I didn't ven get half of what i listed above. All I got was java moss, tank divider, and a plant. But I did get....

This little cutie. I believe it's a girl, but I'm not so sure.

I started my java moss farm, and hopefully soon I'll some moss to sell! :-D

P.S. My betta, Surf, was tryin' to mate with this baby betta. She has an egg spot, so maybe it is a girl. I know males get fake egg spots, but s/he looks as if they have eggs in them. These are petstore fish, but maybe I can have a little betta hobbyist spawn.


----------



## dramaqueen (Jul 7, 2008)

You don't have them together, do you?


----------



## PetMania (Mar 28, 2013)

Oh, no. But he can see him/her through the glass. S/he is currently in a critter keeper until I can afford the whole 9 yards  (reason for a java moss farm to raise money for my rescue)

Update:
I can't get a picture now, but baby is doing fine. More colour than before. Egg spot definetly noticeable. 
Found my boy Surf preparing a nest. He really thinks he's going to mate with the new betta, .


----------



## dramaqueen (Jul 7, 2008)

ok, I just wanted to be sure.


----------



## PetMania (Mar 28, 2013)

10/4:
Everything is goin' well. Athen is alert, active, and doing so much better. Don't know if I'll put her up for adoption. If I do, I need to now whether or not I charge a fee and how much that would be. Hmmm......

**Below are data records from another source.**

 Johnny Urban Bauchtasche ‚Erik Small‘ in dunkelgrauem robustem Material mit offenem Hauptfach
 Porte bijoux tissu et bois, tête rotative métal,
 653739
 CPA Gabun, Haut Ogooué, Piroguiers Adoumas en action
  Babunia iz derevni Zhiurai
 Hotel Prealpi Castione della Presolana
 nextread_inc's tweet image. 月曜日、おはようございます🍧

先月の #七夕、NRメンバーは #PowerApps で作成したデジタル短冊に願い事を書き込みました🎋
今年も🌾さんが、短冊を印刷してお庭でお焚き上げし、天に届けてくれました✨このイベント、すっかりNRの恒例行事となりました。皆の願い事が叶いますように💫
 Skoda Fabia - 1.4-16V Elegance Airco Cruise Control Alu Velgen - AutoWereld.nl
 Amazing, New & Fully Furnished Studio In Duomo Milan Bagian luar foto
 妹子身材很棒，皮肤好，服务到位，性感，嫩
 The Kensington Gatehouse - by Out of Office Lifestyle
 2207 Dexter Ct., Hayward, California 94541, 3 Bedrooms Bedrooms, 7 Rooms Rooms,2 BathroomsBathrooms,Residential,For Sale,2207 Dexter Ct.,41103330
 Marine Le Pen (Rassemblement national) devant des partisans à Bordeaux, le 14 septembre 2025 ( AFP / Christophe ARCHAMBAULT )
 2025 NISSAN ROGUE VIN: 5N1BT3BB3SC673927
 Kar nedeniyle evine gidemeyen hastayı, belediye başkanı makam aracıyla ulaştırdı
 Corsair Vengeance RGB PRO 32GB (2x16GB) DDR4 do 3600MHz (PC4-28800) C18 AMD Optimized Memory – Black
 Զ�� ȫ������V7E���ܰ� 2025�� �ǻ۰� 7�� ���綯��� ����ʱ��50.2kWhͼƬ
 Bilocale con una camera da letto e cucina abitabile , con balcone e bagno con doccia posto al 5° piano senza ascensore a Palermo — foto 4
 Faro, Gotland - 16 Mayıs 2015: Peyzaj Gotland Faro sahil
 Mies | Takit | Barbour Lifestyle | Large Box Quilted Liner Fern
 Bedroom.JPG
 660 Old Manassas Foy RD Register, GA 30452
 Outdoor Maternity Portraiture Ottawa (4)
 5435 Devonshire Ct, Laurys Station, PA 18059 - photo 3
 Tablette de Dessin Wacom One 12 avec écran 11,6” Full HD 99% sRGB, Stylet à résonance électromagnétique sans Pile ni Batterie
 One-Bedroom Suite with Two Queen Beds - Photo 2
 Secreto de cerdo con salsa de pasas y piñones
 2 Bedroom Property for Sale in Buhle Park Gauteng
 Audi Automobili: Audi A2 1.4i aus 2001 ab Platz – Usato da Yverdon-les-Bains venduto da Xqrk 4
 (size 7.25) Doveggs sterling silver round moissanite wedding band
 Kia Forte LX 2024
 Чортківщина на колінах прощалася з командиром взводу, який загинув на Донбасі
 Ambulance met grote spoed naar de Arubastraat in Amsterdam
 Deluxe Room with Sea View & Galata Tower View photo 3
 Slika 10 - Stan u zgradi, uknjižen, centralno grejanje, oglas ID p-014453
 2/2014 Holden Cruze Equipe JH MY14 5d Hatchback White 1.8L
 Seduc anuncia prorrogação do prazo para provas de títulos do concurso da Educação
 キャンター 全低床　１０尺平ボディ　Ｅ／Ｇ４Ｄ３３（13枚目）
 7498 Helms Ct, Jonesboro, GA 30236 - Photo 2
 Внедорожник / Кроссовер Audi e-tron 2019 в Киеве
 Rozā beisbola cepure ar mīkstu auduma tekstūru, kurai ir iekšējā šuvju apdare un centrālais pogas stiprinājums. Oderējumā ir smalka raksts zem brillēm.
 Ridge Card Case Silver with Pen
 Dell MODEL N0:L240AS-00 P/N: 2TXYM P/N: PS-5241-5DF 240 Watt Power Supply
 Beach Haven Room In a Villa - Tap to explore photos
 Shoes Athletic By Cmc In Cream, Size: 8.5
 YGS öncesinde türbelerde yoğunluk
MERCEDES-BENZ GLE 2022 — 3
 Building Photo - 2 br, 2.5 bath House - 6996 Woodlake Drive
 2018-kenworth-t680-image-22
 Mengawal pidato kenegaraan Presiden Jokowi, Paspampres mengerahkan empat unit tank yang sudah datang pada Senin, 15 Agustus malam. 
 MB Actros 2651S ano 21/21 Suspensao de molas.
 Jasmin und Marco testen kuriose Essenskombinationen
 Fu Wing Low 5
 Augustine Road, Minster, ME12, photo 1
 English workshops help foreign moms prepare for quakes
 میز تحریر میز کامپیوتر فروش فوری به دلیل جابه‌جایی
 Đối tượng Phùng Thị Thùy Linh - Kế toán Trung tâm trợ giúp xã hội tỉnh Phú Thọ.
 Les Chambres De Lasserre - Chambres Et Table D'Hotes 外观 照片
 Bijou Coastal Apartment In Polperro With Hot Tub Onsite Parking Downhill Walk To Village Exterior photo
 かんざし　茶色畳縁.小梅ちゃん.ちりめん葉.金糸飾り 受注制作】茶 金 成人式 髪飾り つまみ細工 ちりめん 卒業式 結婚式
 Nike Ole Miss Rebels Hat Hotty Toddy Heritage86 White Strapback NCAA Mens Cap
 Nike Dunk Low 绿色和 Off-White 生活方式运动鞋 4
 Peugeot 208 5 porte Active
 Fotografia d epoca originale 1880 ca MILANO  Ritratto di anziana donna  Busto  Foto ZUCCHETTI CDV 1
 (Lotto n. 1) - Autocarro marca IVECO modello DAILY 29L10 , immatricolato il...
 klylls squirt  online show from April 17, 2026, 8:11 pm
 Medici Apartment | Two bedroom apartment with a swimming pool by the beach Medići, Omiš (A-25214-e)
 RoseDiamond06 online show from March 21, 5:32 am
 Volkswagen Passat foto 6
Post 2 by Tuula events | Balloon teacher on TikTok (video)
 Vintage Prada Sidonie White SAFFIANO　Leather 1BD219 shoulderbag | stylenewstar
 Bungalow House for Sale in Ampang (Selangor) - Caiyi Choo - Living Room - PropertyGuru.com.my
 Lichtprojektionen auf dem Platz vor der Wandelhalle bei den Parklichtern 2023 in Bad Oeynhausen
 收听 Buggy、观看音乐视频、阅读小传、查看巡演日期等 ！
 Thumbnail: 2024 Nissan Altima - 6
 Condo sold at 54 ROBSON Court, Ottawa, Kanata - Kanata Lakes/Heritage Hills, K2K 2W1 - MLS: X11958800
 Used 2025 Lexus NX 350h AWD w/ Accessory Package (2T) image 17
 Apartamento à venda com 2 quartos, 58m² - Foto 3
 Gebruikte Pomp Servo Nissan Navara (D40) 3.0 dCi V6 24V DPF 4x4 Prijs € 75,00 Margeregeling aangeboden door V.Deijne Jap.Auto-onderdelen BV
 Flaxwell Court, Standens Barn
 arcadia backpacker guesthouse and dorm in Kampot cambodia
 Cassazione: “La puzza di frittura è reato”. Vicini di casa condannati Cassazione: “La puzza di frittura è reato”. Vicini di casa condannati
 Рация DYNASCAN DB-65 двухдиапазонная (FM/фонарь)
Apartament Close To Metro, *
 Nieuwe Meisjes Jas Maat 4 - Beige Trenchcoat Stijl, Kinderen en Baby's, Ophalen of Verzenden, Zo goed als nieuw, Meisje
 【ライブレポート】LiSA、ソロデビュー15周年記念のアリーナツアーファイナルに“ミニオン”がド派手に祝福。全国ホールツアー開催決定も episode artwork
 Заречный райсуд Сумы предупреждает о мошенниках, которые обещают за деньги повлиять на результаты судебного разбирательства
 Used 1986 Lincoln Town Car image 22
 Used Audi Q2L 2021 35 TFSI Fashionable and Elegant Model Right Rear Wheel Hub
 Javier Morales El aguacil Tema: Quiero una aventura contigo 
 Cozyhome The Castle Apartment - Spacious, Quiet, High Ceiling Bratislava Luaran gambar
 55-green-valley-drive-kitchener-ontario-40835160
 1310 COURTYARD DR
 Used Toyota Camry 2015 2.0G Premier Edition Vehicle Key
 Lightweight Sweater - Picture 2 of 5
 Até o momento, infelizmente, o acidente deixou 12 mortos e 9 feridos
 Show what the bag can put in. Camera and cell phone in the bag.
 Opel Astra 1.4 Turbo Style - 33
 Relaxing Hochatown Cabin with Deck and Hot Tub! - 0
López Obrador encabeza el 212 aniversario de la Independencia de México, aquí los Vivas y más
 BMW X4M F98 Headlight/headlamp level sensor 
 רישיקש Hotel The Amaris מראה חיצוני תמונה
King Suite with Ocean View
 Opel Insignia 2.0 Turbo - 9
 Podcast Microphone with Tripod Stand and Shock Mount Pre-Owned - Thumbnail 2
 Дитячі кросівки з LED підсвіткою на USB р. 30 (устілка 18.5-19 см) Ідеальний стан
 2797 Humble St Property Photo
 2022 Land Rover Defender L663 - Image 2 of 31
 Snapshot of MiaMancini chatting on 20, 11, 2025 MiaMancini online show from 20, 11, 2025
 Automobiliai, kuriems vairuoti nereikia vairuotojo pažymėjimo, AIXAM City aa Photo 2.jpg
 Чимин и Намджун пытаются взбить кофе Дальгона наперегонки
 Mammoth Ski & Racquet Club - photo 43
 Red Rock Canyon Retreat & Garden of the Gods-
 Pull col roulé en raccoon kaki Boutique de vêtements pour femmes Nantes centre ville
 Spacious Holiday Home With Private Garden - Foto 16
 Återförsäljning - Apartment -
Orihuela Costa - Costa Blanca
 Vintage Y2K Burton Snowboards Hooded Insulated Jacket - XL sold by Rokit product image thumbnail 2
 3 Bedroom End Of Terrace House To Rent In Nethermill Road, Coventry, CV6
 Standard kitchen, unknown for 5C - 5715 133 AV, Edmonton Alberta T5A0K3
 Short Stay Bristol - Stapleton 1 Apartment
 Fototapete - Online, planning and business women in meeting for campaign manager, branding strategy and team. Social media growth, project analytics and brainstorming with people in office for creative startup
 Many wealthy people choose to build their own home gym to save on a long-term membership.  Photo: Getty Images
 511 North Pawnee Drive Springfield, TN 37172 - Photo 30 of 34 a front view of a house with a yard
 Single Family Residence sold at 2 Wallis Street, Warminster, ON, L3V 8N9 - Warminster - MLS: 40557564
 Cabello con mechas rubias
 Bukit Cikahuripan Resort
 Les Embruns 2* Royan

Zues, Apollo, and Hercules have all been a bit shy. During the day, they are scared of everything, but at night, they flare for a long time. :|

Anyways, i would really appreciate any suggestions about adoptions and such. I am also looking into getting another rescue as Athena has recovered from her fin rot and slight ammonia burns.


----------



## dramaqueen (Jul 7, 2008)

If you want to know about adoption info and how much to charge, etc you can contact Moonshadow. She's a member here and she can give you some good info.


----------



## PetMania (Mar 28, 2013)

Yeah, i have started a thread, too, but I didn't get much info out of that. Moonshadow hasn't been on here in awhile. But, if you were adopting, how much would you be willing to pay?


----------



## PetMania (Mar 28, 2013)

*Agenda for Tomorrow*

Buy:
-2-5 gallon tank
-heater
-gravel

Do:
-change water for 10 gallon tank
-change water for rescue tank
-change water for 1.5 gallon tank
-re-arrange decor and plants
-scrap algae
-test water parameters

I confess that I sometimes use this forum as a "grocery list" and reminder calendar as I always check this in the morning. :welldone:


----------



## PetMania (Mar 28, 2013)

Hopefully I can go to Wal-Mart today and get the materials listed above. I want to be ready when my shipments come tomorrow and for a possible new addition to my betta family.


----------



## megaredize (May 21, 2012)

how many bettas do you currently have and i think you should post some photos


----------



## PetMania (Mar 28, 2013)

I currently have 4 bettas in 3 tanks. I NEED MORE!! Haha, lol I'll try to post some pics this afternoon


----------